## YOUR GOAL
Please restate each entry that appears below word for word, without its pictures.

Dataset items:
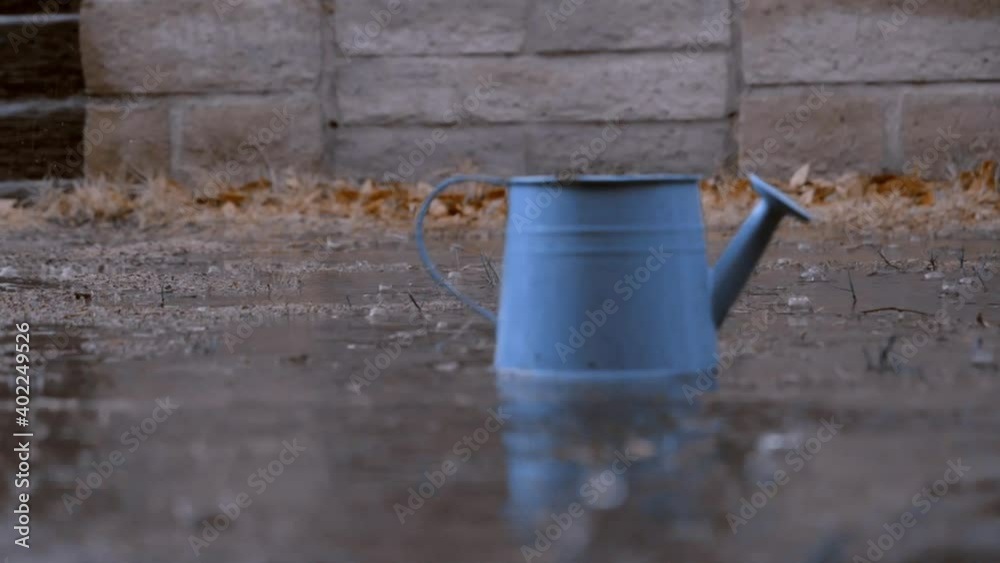 Slow-Motion watering can in the rain Slow-Motion watering can in the rain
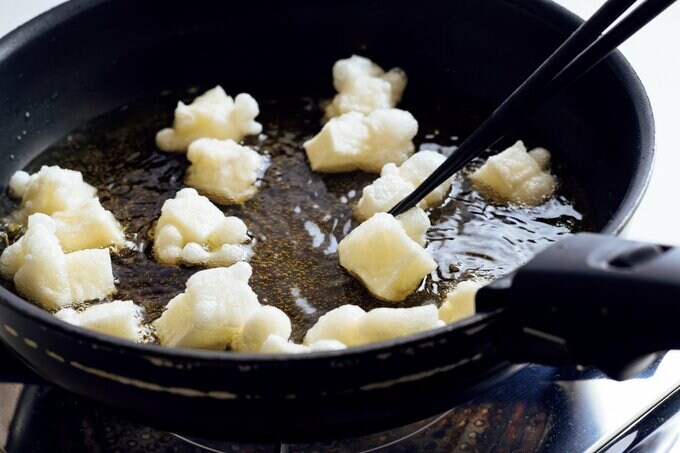 細かく切り分けたおもちを油で揚げる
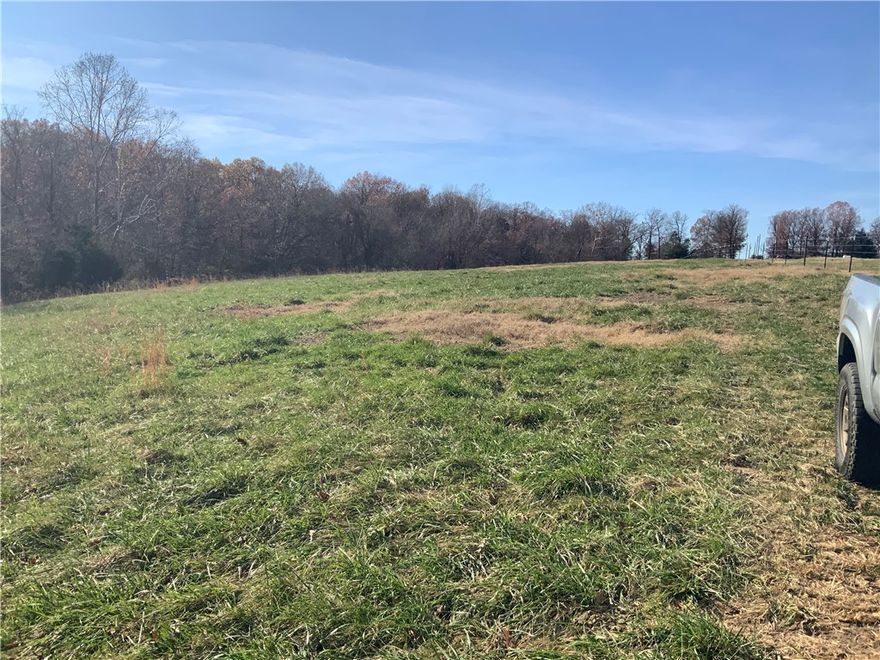 OWNER FINANCING AVAIABLE on this beautiful property in a prime location! 19.44 rolling, partially wooded acres, with 2 springs that were developed in the past. Tract is surveyed with paved road access, 2 miles off of Hwy. 412. All amenities nearby and a short 25 minute drive to the Springdale/Fayetteville area. Enjoy country living with city convenience. Great place to build your forever home. No commercial poultry or swine and no mobile/manufactured homes. Utility availability is the responsibility of the buyer or buyers agent.
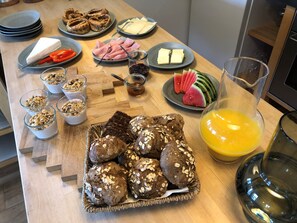 A breakfast table with various food items including bread, cheese, ham, and fruit. - Birkelygaard Bed & Breakfast (Millinge)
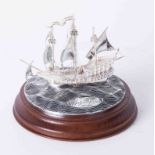 Royal Mint silver model of The Golden Hind upon circular choppy sea, 12cm diameter on wood base,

## ANSWER SECTION
 Slow-Motion watering can in the rain Slow-Motion watering can in the rain
 細かく切り分けたおもちを油で揚げる
 OWNER FINANCING AVAIABLE on this beautiful property in a prime location! 19.44 rolling, partially wooded acres, with 2 springs that were developed in the past. Tract is surveyed with paved road access, 2 miles off of Hwy. 412. All amenities nearby and a short 25 minute drive to the Springdale/Fayetteville area. Enjoy country living with city convenience. Great place to build your forever home. No commercial poultry or swine and no mobile/manufactured homes. Utility availability is the responsibility of the buyer or buyers agent.
 A breakfast table with various food items including bread, cheese, ham, and fruit. - Birkelygaard Bed & Breakfast (Millinge)
 Royal Mint silver model of The Golden Hind upon circular choppy sea, 12cm diameter on wood base,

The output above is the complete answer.